I'd announce myself globally, punk out a wide array of fanatics, terrorists, and tyrants in ways that would evoke as much laughter as they would righteous fist pumps, and then I'd set to work helping humanity in more subtle ways. Y'know, help them crack various secrets of the universe, how the human body works, how to make some really bitching cool artificial intelligence, that sort of thing. I'd go to all sorts of geeky shit, conventions and what not, because if God was giving it the thumbs up, hey, kinda out of vogue to NOT be into it at that stage. I'd make a bitching awesome headquarters somewhere, like maybe Egypt or Texas, that would look like the fever dream acid trip creation of H.P. Lovecraft and Tolkien combined. And once a year I'd bring back legends of humanity's past, from historical leaders to kick-ass musicians, for a week long history festival that would culminate with unfairly awesome concerts.

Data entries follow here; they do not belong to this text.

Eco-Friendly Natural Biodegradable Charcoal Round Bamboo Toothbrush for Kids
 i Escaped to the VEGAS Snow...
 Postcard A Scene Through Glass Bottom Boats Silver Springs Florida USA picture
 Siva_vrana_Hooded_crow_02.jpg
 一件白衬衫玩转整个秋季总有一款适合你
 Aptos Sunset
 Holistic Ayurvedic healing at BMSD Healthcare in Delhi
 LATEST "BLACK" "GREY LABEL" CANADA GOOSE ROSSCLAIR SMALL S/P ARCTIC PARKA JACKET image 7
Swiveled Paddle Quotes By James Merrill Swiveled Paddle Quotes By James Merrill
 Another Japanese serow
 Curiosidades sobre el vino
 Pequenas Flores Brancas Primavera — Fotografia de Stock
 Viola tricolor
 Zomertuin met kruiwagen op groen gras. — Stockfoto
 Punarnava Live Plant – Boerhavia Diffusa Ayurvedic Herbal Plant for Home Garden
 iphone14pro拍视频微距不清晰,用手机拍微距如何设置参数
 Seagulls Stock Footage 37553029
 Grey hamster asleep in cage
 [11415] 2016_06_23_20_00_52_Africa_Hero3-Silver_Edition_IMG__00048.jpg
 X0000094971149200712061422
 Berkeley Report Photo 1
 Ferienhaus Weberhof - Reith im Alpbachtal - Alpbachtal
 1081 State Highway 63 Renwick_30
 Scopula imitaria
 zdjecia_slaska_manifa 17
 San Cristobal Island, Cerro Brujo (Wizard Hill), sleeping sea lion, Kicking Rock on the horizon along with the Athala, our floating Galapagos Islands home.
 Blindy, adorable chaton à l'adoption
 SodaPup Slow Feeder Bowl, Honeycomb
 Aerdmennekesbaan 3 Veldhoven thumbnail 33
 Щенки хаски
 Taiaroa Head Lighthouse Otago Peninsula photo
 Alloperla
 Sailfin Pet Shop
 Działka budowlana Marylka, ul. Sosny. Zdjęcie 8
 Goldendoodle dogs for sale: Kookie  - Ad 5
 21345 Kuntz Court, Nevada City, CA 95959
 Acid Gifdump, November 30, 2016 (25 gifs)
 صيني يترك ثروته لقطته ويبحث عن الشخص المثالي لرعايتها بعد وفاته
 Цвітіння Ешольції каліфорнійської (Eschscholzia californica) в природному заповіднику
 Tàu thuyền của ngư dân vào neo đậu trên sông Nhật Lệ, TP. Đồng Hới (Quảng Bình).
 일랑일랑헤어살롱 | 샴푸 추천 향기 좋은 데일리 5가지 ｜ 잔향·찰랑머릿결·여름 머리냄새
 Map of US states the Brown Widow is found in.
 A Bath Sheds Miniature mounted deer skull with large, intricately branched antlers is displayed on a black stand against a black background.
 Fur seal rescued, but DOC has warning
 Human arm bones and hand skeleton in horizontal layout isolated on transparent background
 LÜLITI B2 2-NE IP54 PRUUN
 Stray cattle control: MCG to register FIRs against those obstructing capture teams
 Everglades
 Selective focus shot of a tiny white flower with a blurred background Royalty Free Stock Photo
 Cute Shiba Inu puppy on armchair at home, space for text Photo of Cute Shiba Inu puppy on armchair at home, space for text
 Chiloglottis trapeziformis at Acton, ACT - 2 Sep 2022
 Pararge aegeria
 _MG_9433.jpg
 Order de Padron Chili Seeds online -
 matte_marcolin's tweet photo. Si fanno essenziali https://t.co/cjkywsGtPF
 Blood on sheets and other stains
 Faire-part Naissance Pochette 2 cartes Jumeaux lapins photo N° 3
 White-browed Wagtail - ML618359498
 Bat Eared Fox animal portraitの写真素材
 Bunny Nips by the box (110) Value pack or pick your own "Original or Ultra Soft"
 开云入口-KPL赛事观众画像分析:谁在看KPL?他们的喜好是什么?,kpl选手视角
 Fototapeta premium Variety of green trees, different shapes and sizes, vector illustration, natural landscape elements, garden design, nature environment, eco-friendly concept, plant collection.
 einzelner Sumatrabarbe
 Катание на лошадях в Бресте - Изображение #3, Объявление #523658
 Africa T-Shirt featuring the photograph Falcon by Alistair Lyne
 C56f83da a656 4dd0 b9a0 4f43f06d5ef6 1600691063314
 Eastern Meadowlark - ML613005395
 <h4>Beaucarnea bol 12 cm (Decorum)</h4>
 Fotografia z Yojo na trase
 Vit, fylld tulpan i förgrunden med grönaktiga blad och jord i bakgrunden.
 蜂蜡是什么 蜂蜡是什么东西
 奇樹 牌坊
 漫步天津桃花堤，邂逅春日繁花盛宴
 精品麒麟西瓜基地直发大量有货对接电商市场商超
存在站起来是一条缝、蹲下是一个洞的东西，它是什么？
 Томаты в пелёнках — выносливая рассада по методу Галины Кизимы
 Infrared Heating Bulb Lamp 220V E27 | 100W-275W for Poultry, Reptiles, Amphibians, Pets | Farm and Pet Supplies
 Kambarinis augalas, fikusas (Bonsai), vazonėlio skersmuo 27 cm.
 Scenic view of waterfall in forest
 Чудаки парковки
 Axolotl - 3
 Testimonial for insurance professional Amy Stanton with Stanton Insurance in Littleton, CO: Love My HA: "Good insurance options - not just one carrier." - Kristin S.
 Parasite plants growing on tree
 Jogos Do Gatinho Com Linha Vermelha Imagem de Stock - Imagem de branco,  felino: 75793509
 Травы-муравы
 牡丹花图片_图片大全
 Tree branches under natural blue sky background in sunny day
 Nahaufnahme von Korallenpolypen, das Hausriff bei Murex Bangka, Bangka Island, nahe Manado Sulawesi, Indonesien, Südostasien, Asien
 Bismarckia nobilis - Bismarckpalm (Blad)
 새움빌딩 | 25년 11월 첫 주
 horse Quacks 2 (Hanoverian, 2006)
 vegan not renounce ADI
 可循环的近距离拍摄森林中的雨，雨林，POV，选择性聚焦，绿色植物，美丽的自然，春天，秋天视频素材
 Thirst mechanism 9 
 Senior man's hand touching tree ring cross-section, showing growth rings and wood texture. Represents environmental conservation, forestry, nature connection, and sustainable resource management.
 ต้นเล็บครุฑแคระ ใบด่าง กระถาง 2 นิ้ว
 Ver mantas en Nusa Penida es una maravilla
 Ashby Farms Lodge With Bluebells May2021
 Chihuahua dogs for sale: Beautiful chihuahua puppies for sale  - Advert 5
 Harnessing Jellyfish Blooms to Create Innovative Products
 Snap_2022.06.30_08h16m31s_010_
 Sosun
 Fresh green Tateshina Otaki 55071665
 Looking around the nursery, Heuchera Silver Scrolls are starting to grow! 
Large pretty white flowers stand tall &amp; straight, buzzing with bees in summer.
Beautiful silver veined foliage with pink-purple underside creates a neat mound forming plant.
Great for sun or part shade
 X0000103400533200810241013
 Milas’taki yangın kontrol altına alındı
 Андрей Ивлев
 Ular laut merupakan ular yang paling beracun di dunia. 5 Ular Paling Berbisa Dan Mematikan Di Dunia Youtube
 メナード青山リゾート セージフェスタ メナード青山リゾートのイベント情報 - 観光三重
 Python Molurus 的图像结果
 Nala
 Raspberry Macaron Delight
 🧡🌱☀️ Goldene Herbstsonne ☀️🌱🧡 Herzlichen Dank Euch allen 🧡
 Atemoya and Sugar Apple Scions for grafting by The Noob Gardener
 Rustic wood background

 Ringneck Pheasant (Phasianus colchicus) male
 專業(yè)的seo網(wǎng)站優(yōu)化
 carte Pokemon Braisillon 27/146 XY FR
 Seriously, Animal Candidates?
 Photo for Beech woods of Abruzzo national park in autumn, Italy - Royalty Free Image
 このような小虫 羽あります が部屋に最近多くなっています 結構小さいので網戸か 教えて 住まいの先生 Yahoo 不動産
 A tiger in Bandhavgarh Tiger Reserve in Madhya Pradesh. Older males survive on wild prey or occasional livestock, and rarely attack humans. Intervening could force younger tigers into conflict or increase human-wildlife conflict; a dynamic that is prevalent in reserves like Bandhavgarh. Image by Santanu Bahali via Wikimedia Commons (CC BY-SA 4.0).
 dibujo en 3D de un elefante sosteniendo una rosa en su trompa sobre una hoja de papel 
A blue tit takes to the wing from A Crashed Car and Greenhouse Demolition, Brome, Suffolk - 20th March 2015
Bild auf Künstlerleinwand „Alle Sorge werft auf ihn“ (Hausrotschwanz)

Then, one day, once I've more or less confirmed myself as one of the coolest deities outside of fiction, I'd call a press conference- because, yeah, could make myself manifest to everyone simultaneously, but that's so rude and invasive -and point up to the stars.
"Humanity's destiny is out there. Time to start finding it, folks."
And just because I can... I'd have Lucas design humanity's first capital starship. And then just jury-rig reality to make it work. Though if he mentions Ewoks or Gungans, I'mma have to divine slap him.
Oh, and once a decade, I'd just make it rain Pop Rocks on a major metropolitan city. I would never explain this action nor even directly admit I was doing it.